Let's look at our tub. We can't 'unplug' the drain because we have so many COVID+ persons taking up beds, and they keep coming.

We can keep flying #SK citizens out of province to provide temporary relief, of course. Bucketing that water out of the tub helps.

9/ #COVID19SK

So that leaves the water taps. Throughout the majority of this 4th wave in Saskatchewan, we've left the taps running on full blast.

No public health measures till indoor masking mid-September. No private gathering restrictions. Vaccine mandates very late, etc.

10/ #COVID19SK

So the tub is overflowing, the house is flooding, and it's a complete crisis. Meanwhile, somehow, the water's still running full blast.

What our public health leaders have been calling for for weeks now, have been measures to slow the taps.

11/ #COVID19SK

Private indoor gathering restrictions, capacity limits in public venues, distancing measures, work from home mandates, vaccine mandates... ALL of those measures help to prevent more COVID cases, and slow the water tap running into our tub.

12/ #COVID19SK

We've watched as the tub has overflowed, the house
(our healthcare system) is flooding fast, and ONLY THEN called for staffing help & ICU transfers to Ontario.

But all of those measures are temporary. We can't keep flying everyone out of province forever.

13/ #COVID19SK

Meanwhile, the rest of Canada are watching us from their dry houses, except Alberta, who flooded a few weeks ago along with us and are picking up the pieces.

Ontario has kept tight control on their taps. They're helping us in our time of need - thank you, #ON.

14/ #COVID19SK

So the question that our public health & medical leaders can't answer is simple. Why, when the house is flooding, do we not turn off (or at least slow down) the taps?
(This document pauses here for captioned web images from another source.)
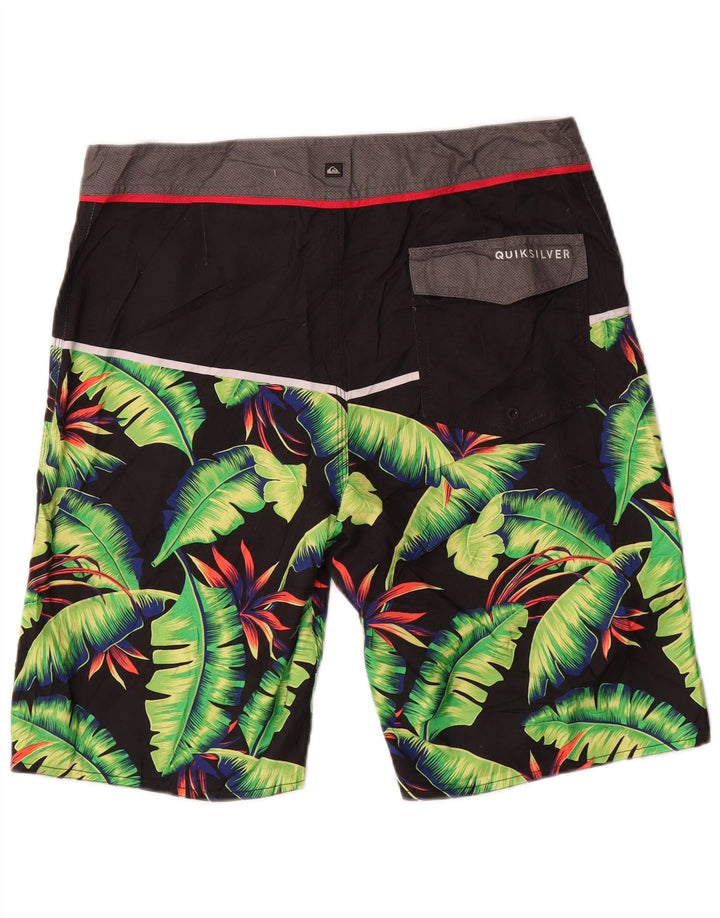 Quiksilver muške kratke hlače za plivanje Srednje crni cvjetni poliester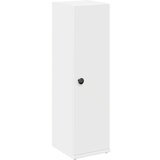 Maison Chic Kopalniška omarica - Kopalniški kabinet z držalom za zvitke bela 20,5x22x72 cm, (21788192) Cene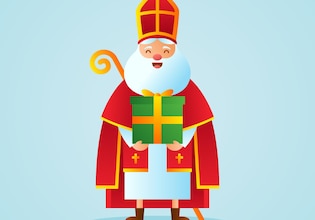 Sinterklaas cartoon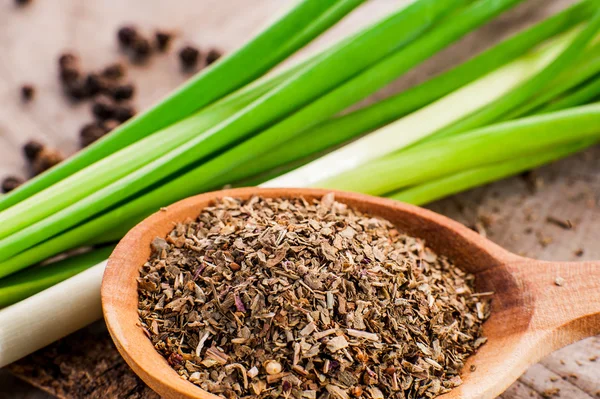 Cuchara de pimienta negra Barbacoa — Foto de Stock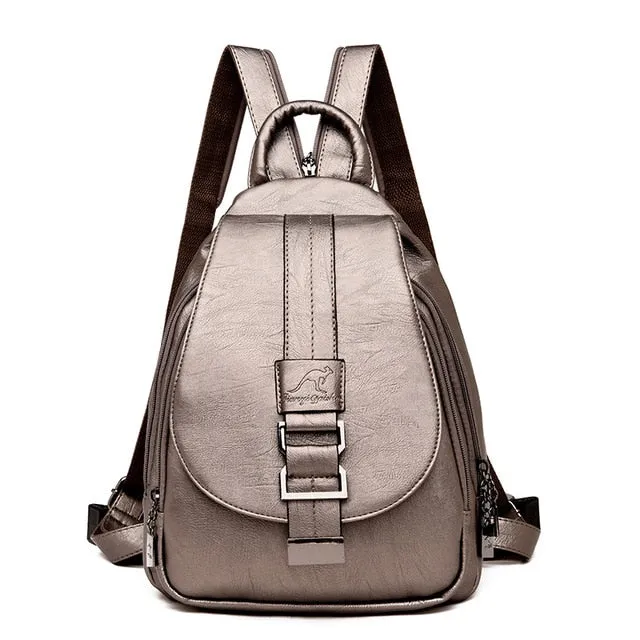 Leather Backpack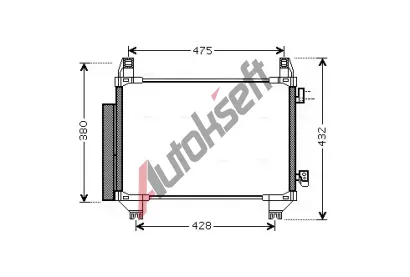 AVA QUALITY COOLING Kondenztor klimatizace AVA TO5665D, TO5665D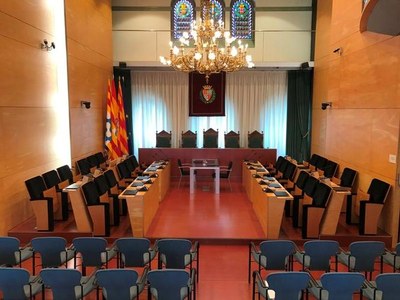 El divendres 29 de maig, sessió extraordinària del Ple de l’Ajuntament de Badalona, a les 9.45 hores.
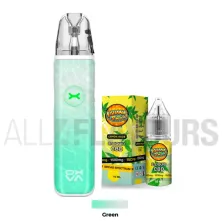 Pack Vaper Oxva + Líquido CBD Broad Spectrum 2500 MG Iguana Smoke green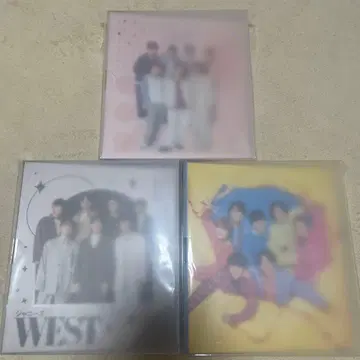 WEST. 사진 앨범 3권 세트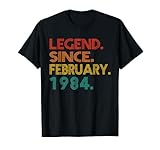 Photo Gallery legend since february 1984 men women 1984 birthday vintage maglietta Photo Gallery legend since february 1984 men women 1984 birthday vintage maglietta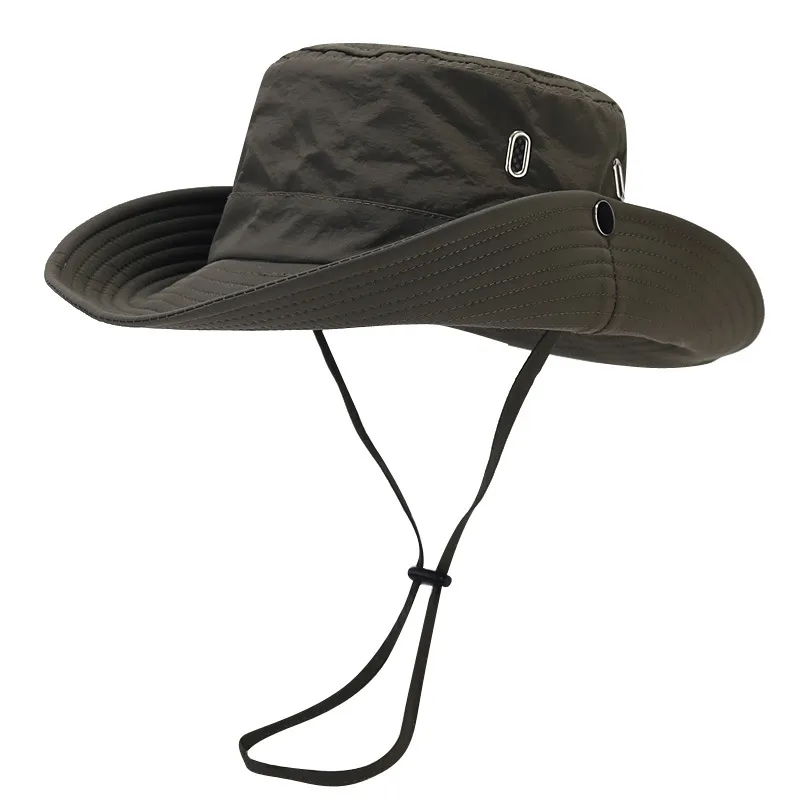 Custom Sun Cap Wide Brim Fishing Quick-Drying Fisherman Hat Boonie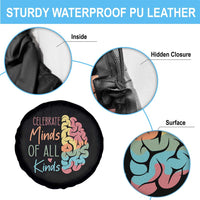 Embrace Neurodiversity Spare Tire Cover Celebrate Minds of All Kinds Teacher ASD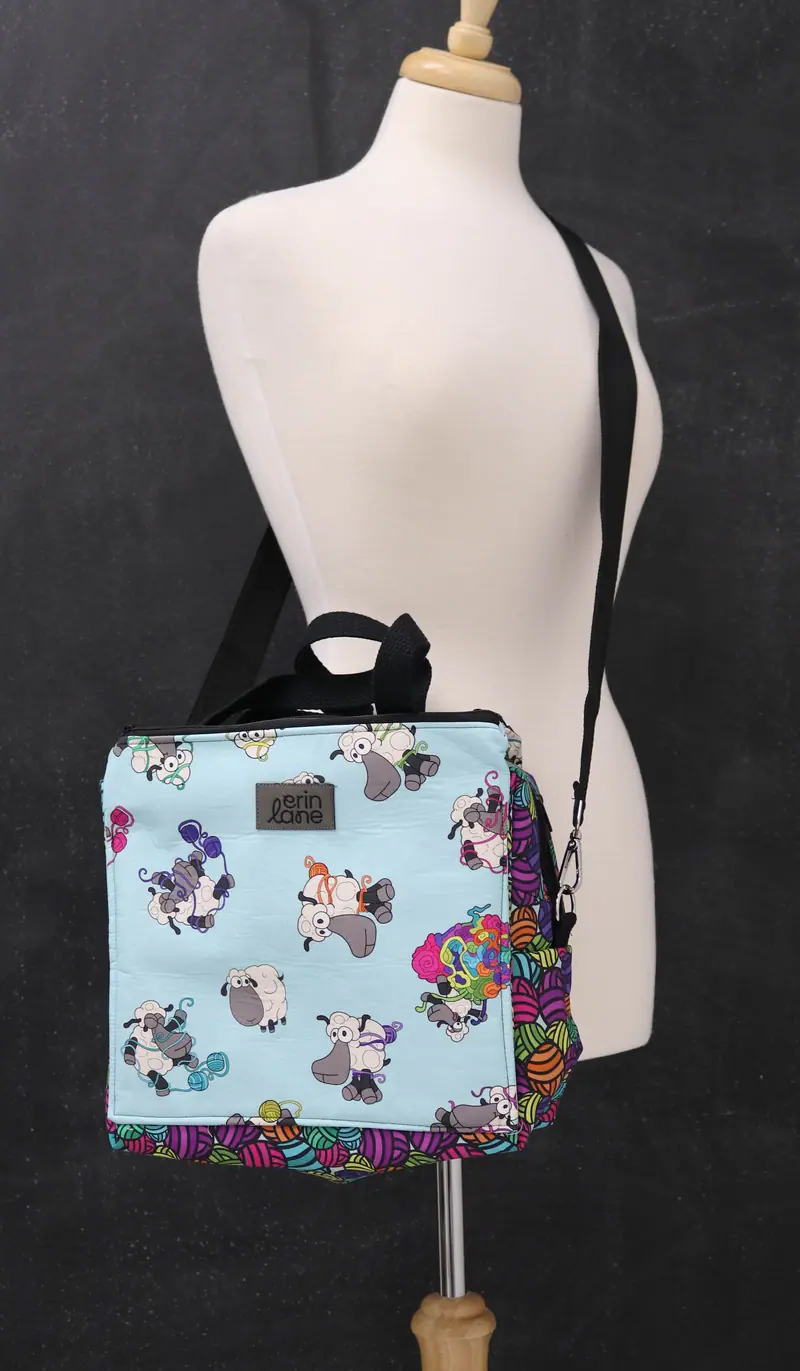 Never Enough Tote Bag in Knotty Sheeple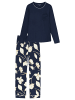 Schiesser Schlafanzug Comfort Nightwear in Deep sea blue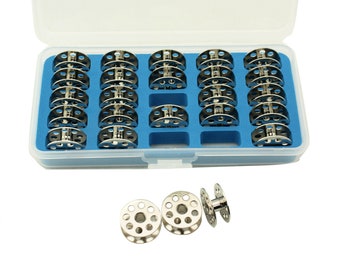 Cutex™ Pack of 25 Juki DU-141, DU-1181N Bobbins With Storage Case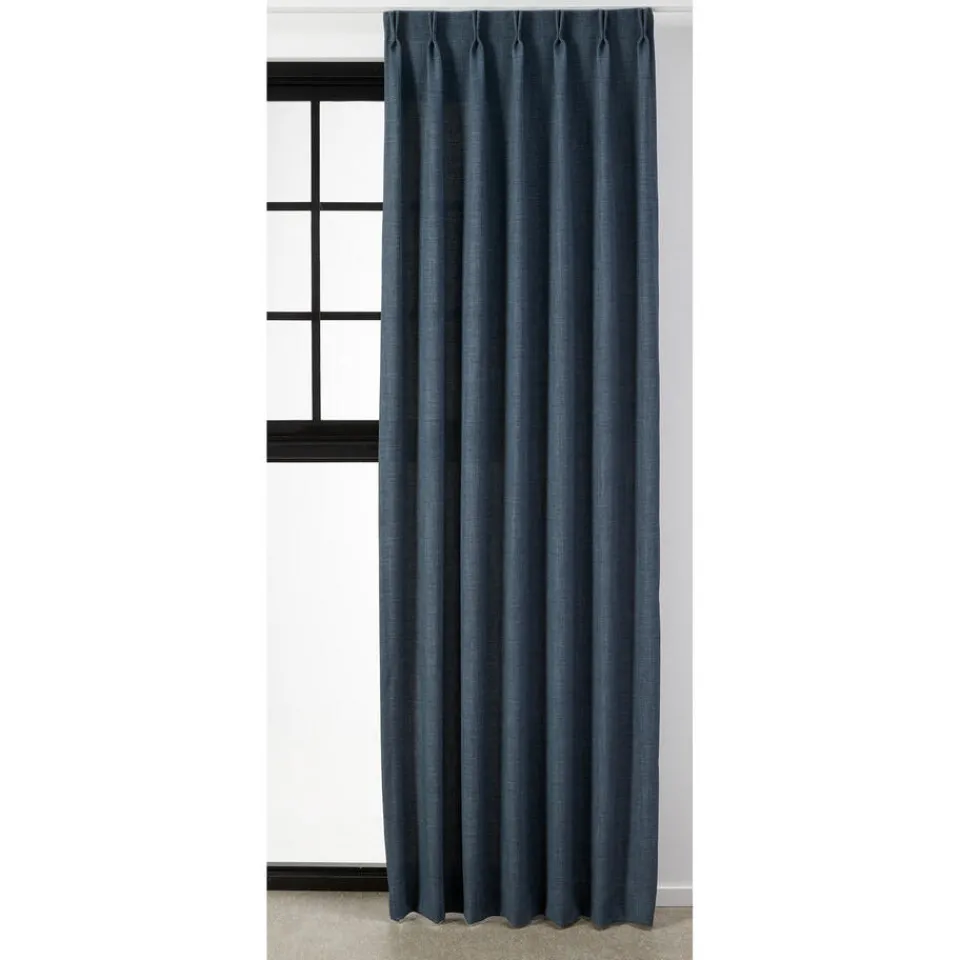 Kwantum Vouwgordijnen|Gordijnen|Gordijn Kaat Donkerblauw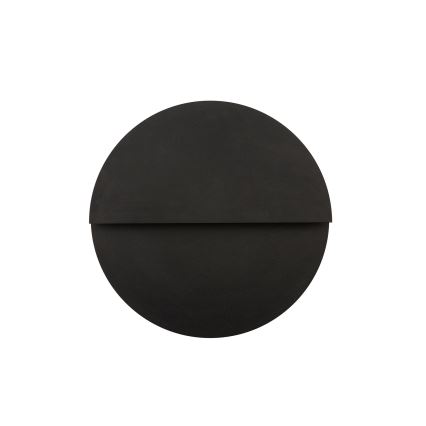 Aplique LED LUNA LED/7W/230V diá. 26 cm negro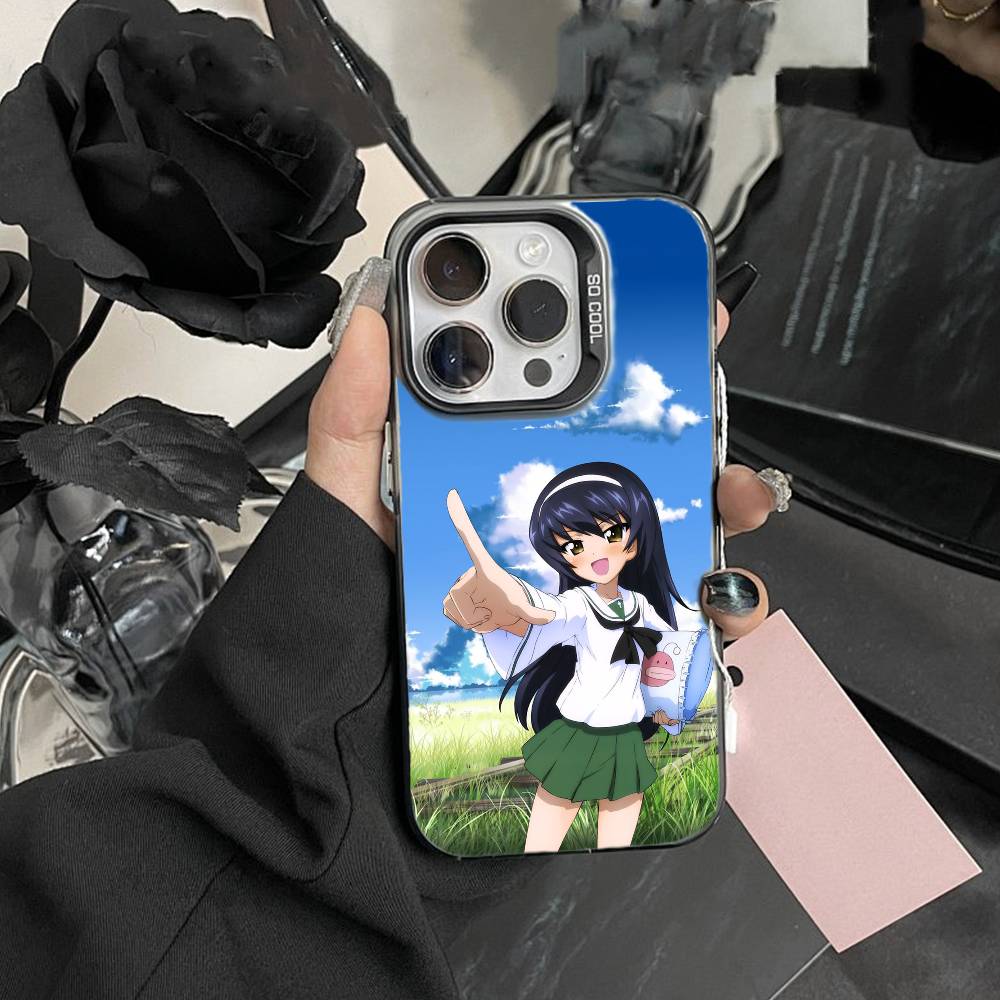 G-GIRLS Und P-PANZER Phone Case For iPhone 17,16,15,14,13,12,Pro MAX Black Matte Shockproof Cover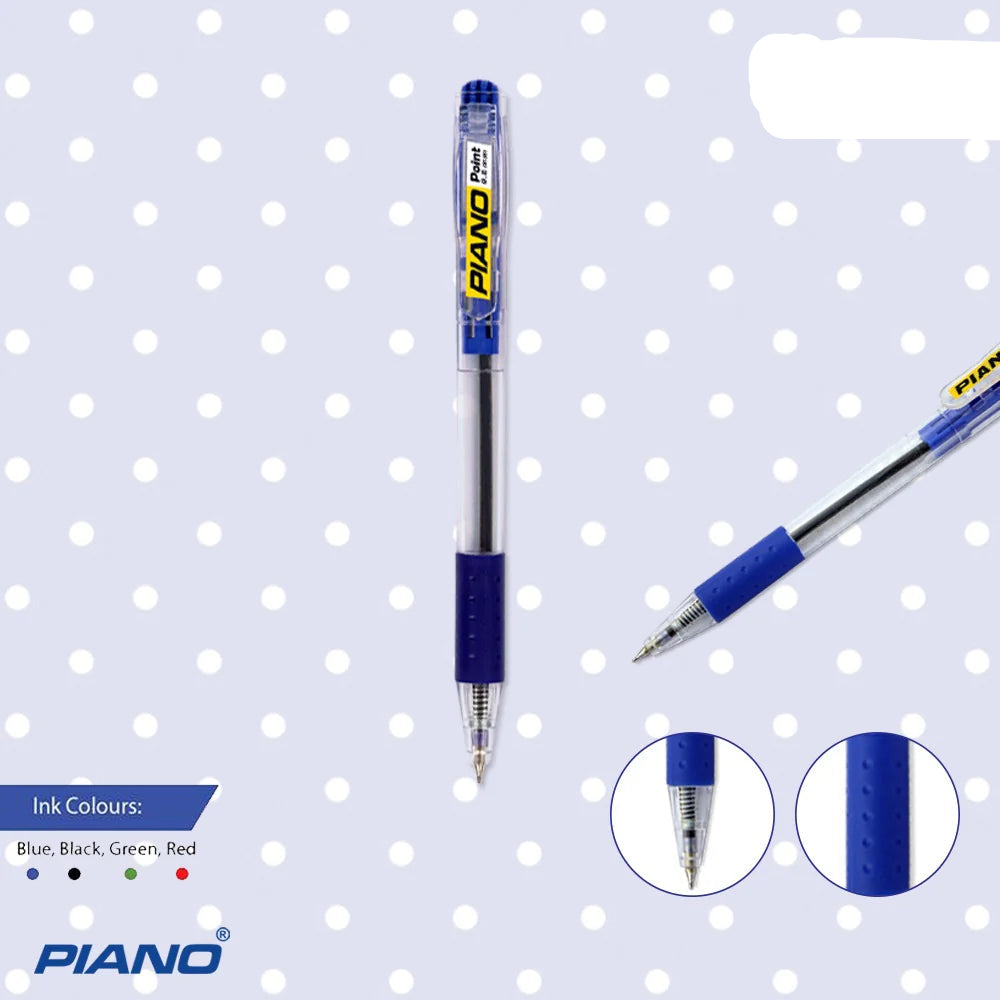 piano-transparent-ball-pen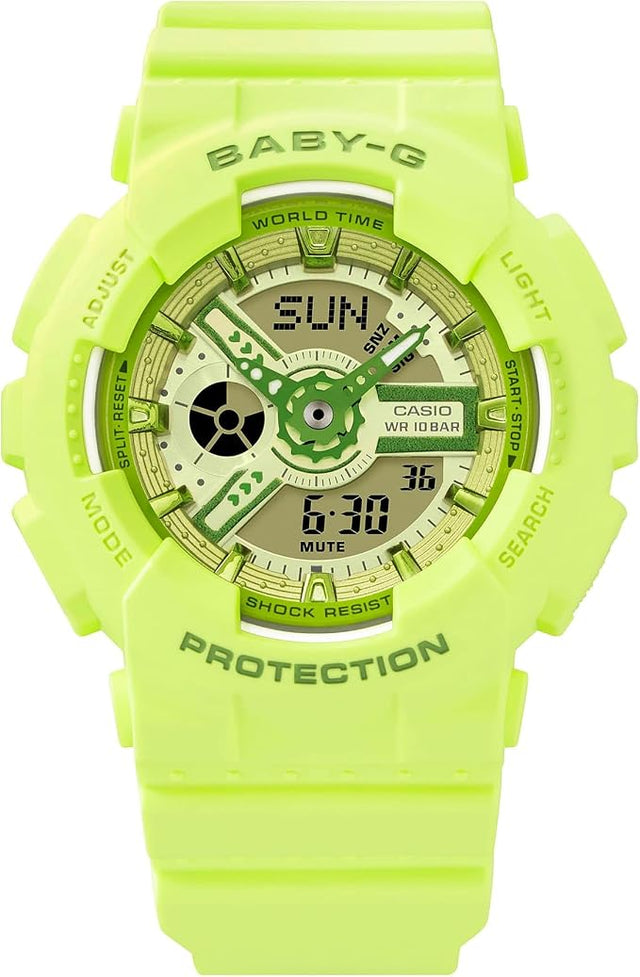 G Shock G-Shock BA-110YK-3A Mens Watch Metal Bands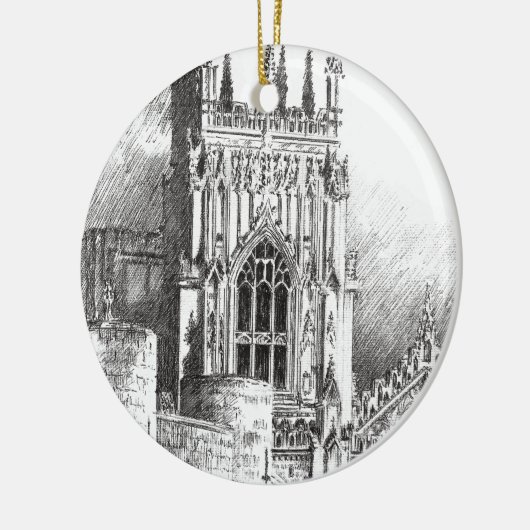 York Minster - Keramisch Ornament (Links)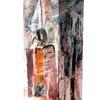 Mariana Paparà<br/>L’Uomo del Telo, XVIII, 2009, tecnica mista, acrilico su legno, cellulosa e garza su tela, cm 150 x 18 x 18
The longer we wait, the more significant the damage both short- and long-term.

15/ #COVID19SK

FYI, monoclonal antibody therapy has no real place in this analogy. Given broken testing dynamics & the logistics required, 'early treatment' will do very little to help us in short-term.

I'd liken monoclonal therapy to a sponge, basically. A very small one.

16/ #COVID19SK

Vaccinations & boosters WILL help slow the water, but only in longer-term, not RIGHT NOW.

What WILL help RIGHT NOW is private indoor gathering restrictions, capacity limits on venues, and other approaches to limit human contact, especially for those unvaccinated.

17/ #COVID19SK

In summary: the tub's overflowing and our house is flooding.

We're building higher walls & bucketing water out, but somehow we're NOT turning off the taps.

Put plainly, this is NON-SENSICAL. This is why the rest of Canada is looking at us and going, "For real?"

18/ #COVID19SK

To finish this (lame) analogy, it's NOT too late to turn off the taps @SKGov. The house is still salvageable, barely.

The price of inaction is our flooded house. Wait longer, and what will be left is the flooded & unsalvageable remains of our health care system.